お互いの間に沈黙が落ち、校庭からは喧騒が聞こえる。
「……まぁ、今さら色気づいたと思われても仕方ないけどさ。でも、今だからこそやれることはやっておきたいんだよね」
いつもとは違い、少し真面目な口調に透はようやく流果に視線を向けた。
「どういうことだ?」
「道場が始まるか、大学に行ったら、また剣道一本でしょ。だから、今できることをやっておきたいんだよね。というか、今しかできない気がするし」
「アイドルもどきのおっかけも?」
「まぁ、それは本当に好きでやってるけど……でも、それも今だけだと思う。

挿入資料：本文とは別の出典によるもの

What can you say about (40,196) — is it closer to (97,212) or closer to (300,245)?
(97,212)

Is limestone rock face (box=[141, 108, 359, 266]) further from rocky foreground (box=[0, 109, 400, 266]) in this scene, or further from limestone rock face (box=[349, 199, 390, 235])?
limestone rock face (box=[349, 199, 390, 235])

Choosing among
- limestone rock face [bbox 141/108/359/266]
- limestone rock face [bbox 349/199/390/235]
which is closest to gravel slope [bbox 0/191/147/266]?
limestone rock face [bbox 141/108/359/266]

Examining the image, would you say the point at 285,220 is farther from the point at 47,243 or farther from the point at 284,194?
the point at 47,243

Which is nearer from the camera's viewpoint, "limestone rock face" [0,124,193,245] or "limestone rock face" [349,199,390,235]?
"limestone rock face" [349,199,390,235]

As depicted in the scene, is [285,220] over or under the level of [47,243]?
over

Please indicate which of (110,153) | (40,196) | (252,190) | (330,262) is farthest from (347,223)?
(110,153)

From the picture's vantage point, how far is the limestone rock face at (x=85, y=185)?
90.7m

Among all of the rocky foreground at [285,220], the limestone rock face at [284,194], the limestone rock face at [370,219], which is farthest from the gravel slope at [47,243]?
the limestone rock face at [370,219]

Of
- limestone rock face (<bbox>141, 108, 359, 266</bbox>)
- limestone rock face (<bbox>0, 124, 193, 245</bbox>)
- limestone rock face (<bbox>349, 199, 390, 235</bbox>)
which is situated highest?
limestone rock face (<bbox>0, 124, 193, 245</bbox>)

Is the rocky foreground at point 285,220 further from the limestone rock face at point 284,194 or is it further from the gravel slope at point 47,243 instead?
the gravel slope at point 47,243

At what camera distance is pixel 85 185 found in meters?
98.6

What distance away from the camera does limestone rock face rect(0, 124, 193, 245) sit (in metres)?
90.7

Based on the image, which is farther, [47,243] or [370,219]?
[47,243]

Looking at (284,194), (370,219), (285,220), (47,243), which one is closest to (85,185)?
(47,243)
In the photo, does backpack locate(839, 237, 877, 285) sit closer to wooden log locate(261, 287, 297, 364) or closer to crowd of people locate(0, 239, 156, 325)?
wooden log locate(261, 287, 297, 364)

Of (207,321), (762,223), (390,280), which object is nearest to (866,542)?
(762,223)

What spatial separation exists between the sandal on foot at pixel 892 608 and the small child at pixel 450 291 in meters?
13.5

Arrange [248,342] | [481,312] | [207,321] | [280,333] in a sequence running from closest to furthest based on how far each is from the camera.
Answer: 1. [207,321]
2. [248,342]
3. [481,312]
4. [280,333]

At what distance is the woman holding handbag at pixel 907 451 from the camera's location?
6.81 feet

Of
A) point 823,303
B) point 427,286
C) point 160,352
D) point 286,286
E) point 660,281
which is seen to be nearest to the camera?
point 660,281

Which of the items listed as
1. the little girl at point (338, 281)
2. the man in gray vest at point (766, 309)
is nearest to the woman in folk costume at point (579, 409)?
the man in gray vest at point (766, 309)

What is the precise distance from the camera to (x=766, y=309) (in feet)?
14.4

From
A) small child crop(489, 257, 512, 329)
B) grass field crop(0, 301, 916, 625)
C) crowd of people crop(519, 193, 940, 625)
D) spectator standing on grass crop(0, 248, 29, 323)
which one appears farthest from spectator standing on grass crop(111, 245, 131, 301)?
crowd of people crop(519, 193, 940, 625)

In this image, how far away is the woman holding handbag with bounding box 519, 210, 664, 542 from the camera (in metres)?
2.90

私、好きなもの一つしかできない単純なタイプだからさ」
照れくさそうに笑う流果は、やっぱり可愛くなったと思う。剣道一本でやってきたけど、可愛く見せたり、そういう普通の女の子みたいなことが流果もやってみたかったのかもしれない。
「どっちも剣道始まったら終わりか?」
「多分ね。そんな余裕無くなるだろうし」
肩を竦める流果は、少し残念そうだ。それなりに化粧なども楽しんでいるらしいことが、その表情からも分かる。

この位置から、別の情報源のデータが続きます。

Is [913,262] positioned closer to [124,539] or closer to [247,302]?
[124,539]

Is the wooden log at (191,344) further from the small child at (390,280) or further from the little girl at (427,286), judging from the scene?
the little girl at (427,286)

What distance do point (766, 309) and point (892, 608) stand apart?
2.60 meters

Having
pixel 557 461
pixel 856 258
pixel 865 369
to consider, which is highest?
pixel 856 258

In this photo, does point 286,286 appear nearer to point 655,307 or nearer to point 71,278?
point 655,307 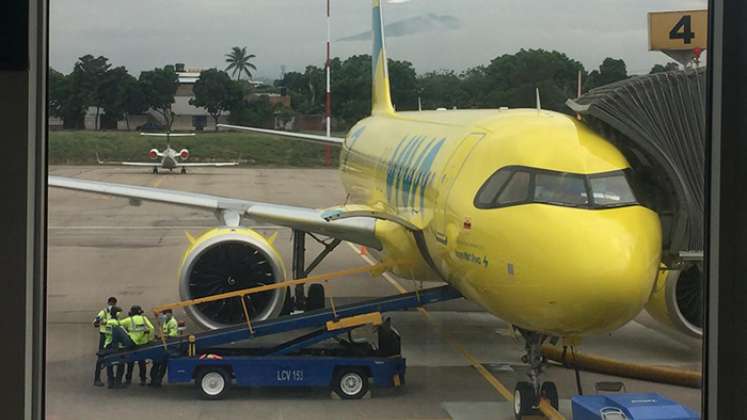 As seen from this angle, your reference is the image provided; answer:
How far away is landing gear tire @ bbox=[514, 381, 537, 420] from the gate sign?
1.87 m

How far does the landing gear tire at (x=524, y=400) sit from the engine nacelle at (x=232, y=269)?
1802 millimetres

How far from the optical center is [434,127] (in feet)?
17.3

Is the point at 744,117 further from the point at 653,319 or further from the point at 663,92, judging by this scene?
the point at 653,319

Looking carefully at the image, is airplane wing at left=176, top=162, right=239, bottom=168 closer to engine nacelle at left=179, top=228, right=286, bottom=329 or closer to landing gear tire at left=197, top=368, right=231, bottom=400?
landing gear tire at left=197, top=368, right=231, bottom=400

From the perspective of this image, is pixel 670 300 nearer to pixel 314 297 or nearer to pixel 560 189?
pixel 560 189

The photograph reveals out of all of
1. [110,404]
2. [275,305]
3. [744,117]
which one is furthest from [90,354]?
[744,117]

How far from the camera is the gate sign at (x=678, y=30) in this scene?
4.89 feet

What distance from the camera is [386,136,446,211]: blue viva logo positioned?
4684 millimetres

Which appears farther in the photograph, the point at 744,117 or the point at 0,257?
the point at 744,117

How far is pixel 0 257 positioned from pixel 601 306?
7.19 ft

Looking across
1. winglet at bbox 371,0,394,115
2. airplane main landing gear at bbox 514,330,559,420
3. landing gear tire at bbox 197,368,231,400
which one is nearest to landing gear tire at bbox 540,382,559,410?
airplane main landing gear at bbox 514,330,559,420

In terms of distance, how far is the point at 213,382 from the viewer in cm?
411

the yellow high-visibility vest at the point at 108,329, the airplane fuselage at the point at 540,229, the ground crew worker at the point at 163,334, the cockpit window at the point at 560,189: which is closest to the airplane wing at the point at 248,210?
the ground crew worker at the point at 163,334

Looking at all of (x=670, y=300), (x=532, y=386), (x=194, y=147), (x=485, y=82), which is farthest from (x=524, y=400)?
(x=194, y=147)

正直、根底がヒロという男なのは面白くない。面白くはないけれども、流果がそれを楽しんでいるのなら、透が文句を言える立場ではない。
楽しんでいるのは今だけ、そう割り切るのは、今が楽しければ楽しいほど、結構厳しいことのように思える。今だけと割り切っている流果に、これ以上無茶を言いたくない。
「……別に誰も悪いとは言ってない」
「でも、透は不機嫌だし」
「だから別に不機嫌じゃない」
「嘘つき。まぁ、そんな訳で今だけ剣道はお休み。でも、家で素振りだけはしてる」
「それならいい。同じ大学行くのに腕が落ちた、なんてことになったら試合と称してボコボコにしてやる」
「そこまでサボらないし。そうだ、透に一つ聞きたいことがあったんだ。何で透は推薦あの大学にしたの?」
高校と一緒で、流果と同じ大学に行きたかったから、などと口が滑っても言える筈もない。

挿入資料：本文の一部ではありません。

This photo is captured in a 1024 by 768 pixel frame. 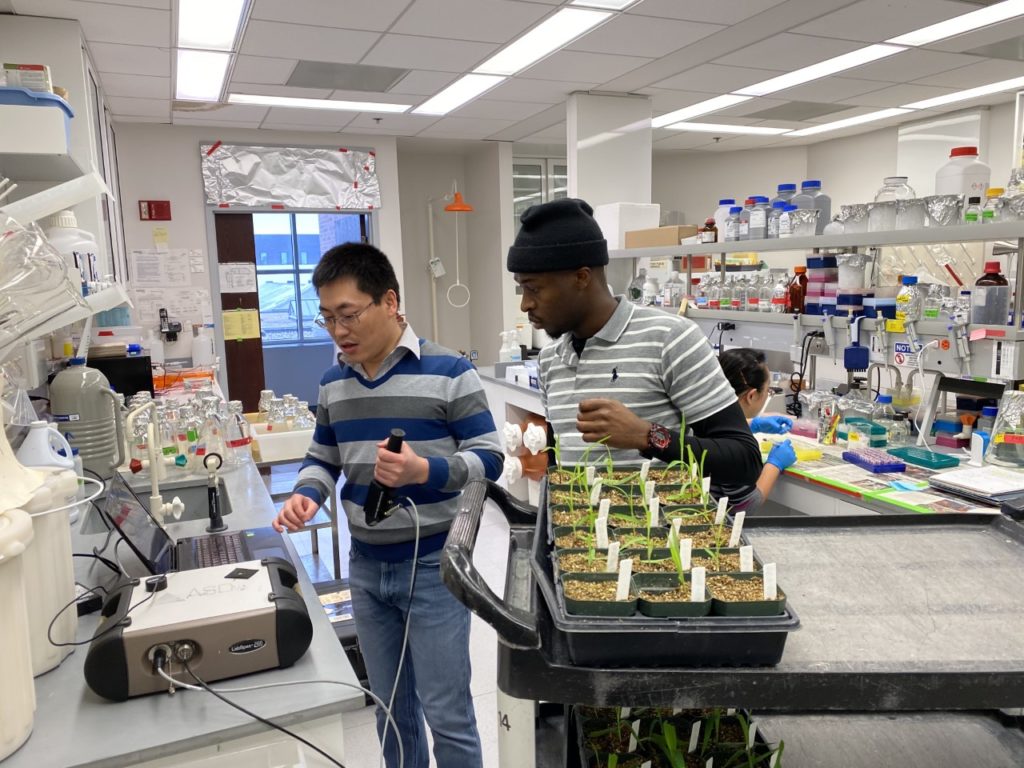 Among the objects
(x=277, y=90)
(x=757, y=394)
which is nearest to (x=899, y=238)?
(x=757, y=394)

でも、高校に大学、よくよく考えれば、これはストーカー一歩手前か? もしかしなくても、そろそろ夏樹に全力で止めて貰うべきなのだろうか。
そんなことを考えながらも無難な「家から近いから」という理由を答えた。それで納得した流果は、沙和と待ち合わせしているから、と廊下を走り去っていった。
残された透はその場で動けないまま、ストーカーの定義について深く考え込んでいた。